# Debian 3.0 - CDs



## Arne Buchwald (25. Juli 2002)

Hallo,

ich weiß keinen besseren Ort, wo ich mein Gesuch posten könnte.

Seit kurzem ist ja die "stable" Version von Debian 3.0 draußen. Ein Freund und ich wollen unsere Schulserver auf Debian umstellen - wollten jedoch erstmal vor zu Hause testen, damit dann in der Schule nicht alles schief geht .... 

Da Debian ja meines Wissens frei kopiert und installiert werden darf, würde ich mich freuen, wenn mir jemand Kopien der 7CDs zuschicken könnte; enstehende Kosten ersetze ich natürlich. Ein deutscher "Debian-Partner", der auf der Debian-Seite aufgelistet ist, will für die Kopien der 7CDs 40€ haben und das übersteigt IMHO deutlich die Selbstkosten.

Kann erst Sonntag Nacht / Montag antworten, da ich übers Wochenende noch wegfahre.

_@Admin/Mods: Falls Debian nicht frei kopiert werden darf, bitte ich darum, mein Posting sofort zu löschen._


----------



## Christian Fein (25. Juli 2002)

Debian darf nicht nur frei kopiert werden 
sondern du darfst sogar Debian nehmen und eben mal als deine eigene Distribution rausbringen 

Siehe:
http://www.holyfly.de/?go=debian


Aber 1. brauchst du keine 7 (es sind übrigends 8) CD's 
2, kannst du dir die auch aus dem internet runterladen wenn du dsl hast.
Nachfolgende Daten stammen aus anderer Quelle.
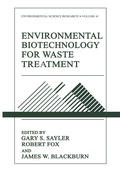 Cover: Environmental Biotechnology for Waste Treatment - Springer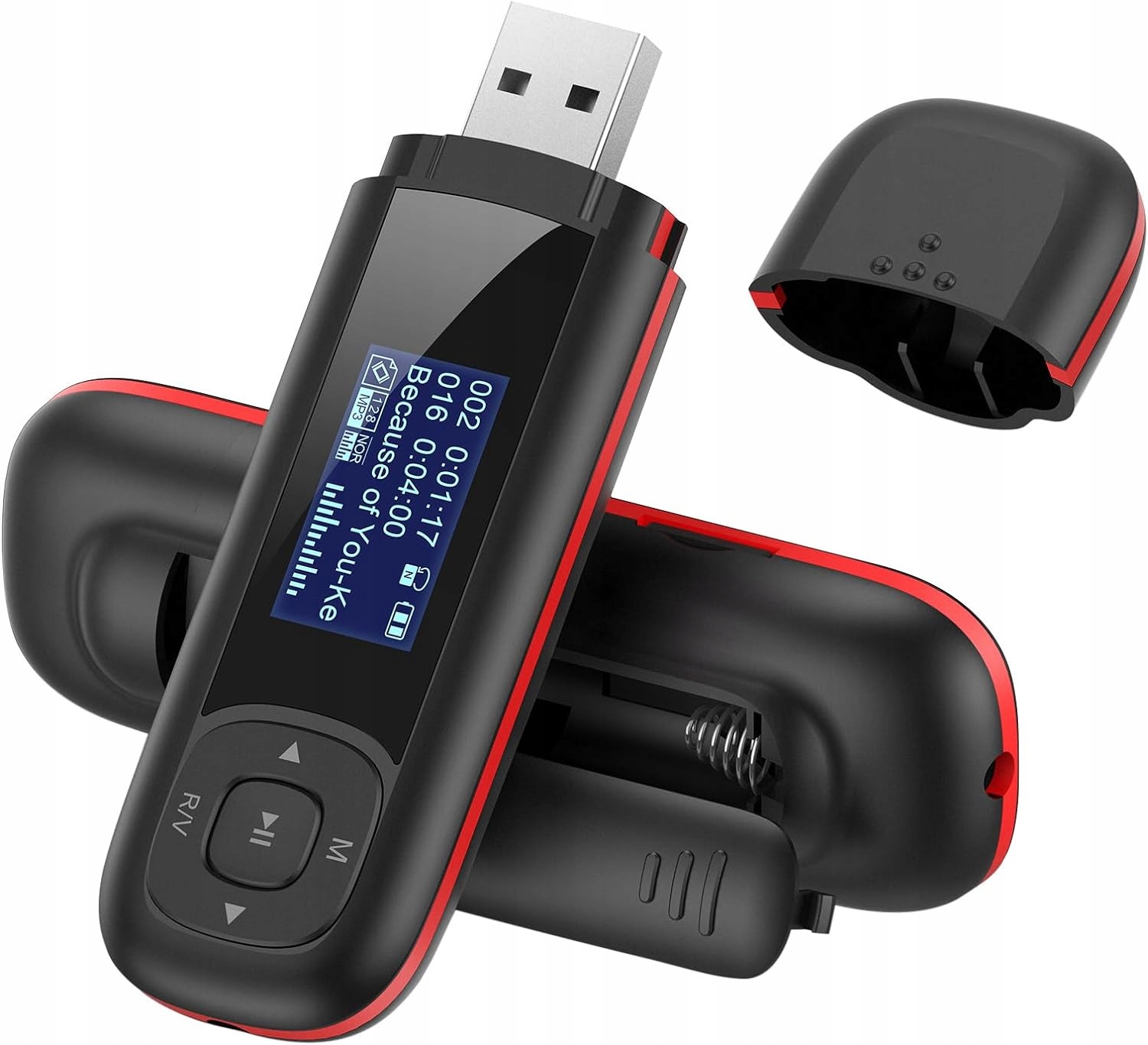 MP3 AGPtek U3 czarny 8 GB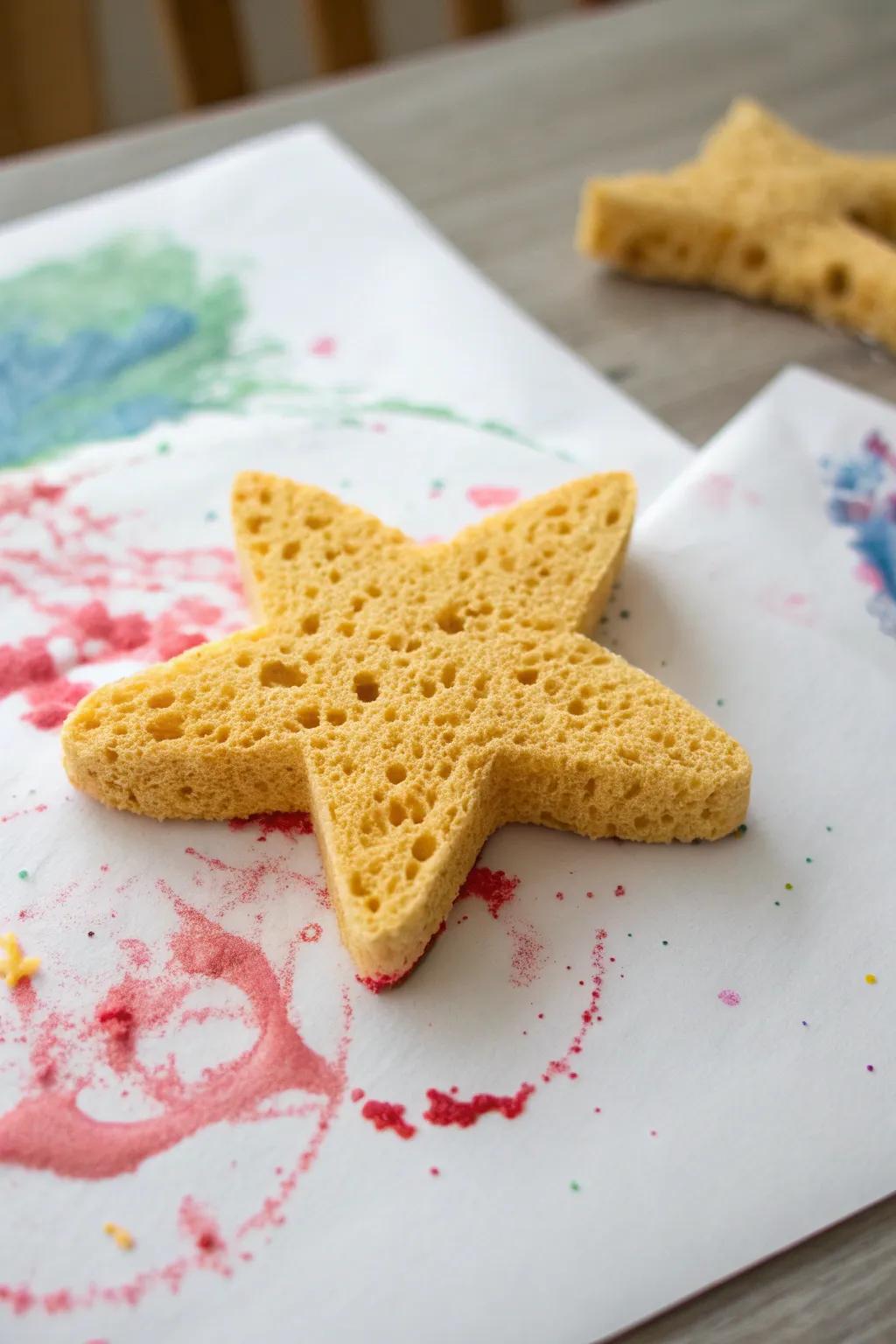 Unleash creativity with fun sponge shapes! Perfect for little hands to craft vibrant masterpieces.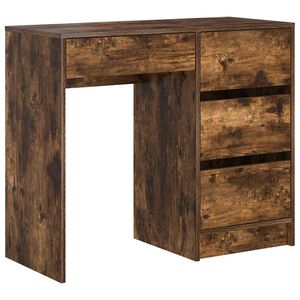 vidaXL Bord R&oslash;get eg Konstrueret tr&aelig; 90 x 37.5 x 75 cm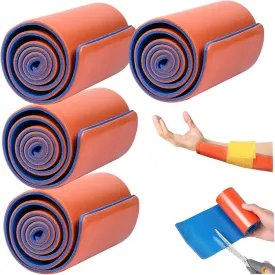 4Pcs First Aid Splint, 4.3x18.1" Emergency Medical Combat Splint, Built-in Aluminum Plate, for Medical, Sports, Home, First Aid, Pets, Finger Splints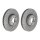 2 brake discs Ø 342 mm 32 mm BREMBO for MERCEDES-BENZ E-CLASS and others
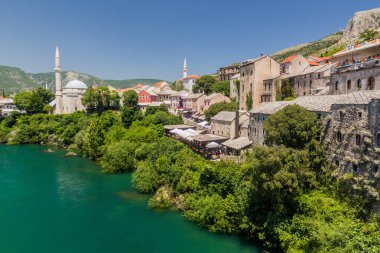 Eski Mostar kasabası. Bosna-Hersek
Mit apt-get kannst du dann frei über das internet installieren

Buch für die Debian installation gibts hier

http://www.openoffice.de/linux/buch/


PS: Wenn du kein DSL hast und ein bischen warten kannst kann ich dir auch zusenden.
Kannst frei wählen zwischen
Debian Potato (alte stalbe nicht aktuell)
Debian Woody (die stable)
Debian SID (unstable ... nix für den Server)


----------



## Arne Buchwald (28. Juli 2002)

Hallo HolyFly,

So, bin wieder zurück. 

Hier auf dem Land gibt's leider kein DSL .... (wird's wohl auch nie )
Interesse haben wir (mein Freund und ich) an der Debian Woody-Edition ...


----------



## Christian Fein (28. Juli 2002)

Sende mir einfach deine Adresse an cf@ontimedata.de

Ich schick dir dann die CD's zu.


----------



## Arne Buchwald (28. Juli 2002)

eMail ist raus. Vielen Dank !!


----------



## Thorsten Ball (29. Juli 2002)

Hi Leute, ich melde mich hier auch mal in der Linux Section zu Wort.
Also ich hab schon mit Mandrake, SuSE und ( was mir am besten gefiel ) RedHat 7.3 "gearbeitet". 
Nun denk ich schon länger drüber nach, und auch jetzt bei dem Woody release, mir Debian zu installieren. Da hier grad über die CDs gesprochen wird wollte ich mal fragen was für CDs ich genau brauch um ein Debian Linux System zum laufen zu bekommen.
Also mit KDE usw. Müssen nicht viele Programme sein aber die wichtigsten. Und dann gibt es noch diese Methode bei der man alles von nem FTP zieht bei der Installation. Wie steht ihr dazu?
Ist das einfach?
Ich mein ich kenn die ganzen Packetnamen ja nicht.
Wär nett wenn jemand antwortet. 

MrNugget


----------



## Christian Fein (29. Juli 2002)

Das ist sehr einfach mit dem aus dem internet.
Debian hat das genialste Packetmanagment.

dpkg.
Mit apt ist eine pflege des Systems einfach. Du brauchst wenn du ne schnelle Verbindung zum internet hast höchstens eine CD.
Den Rest holst du dir aus dem internet.
Du musst nur deine /etc/apt/sources list anpassen auf ftp / Http 

Oder du machst das einfacherer mit 
apt-setup


Danach kann mann mit apt-cache seach packet Packete suchen
und apt-cache show Packetbeschreibung zeigen
und apt-get install Packet installieren bzw apt-get remove Packet wieder entfernen.
auch möglich dpkg -i packet .deb packete direkt installieren.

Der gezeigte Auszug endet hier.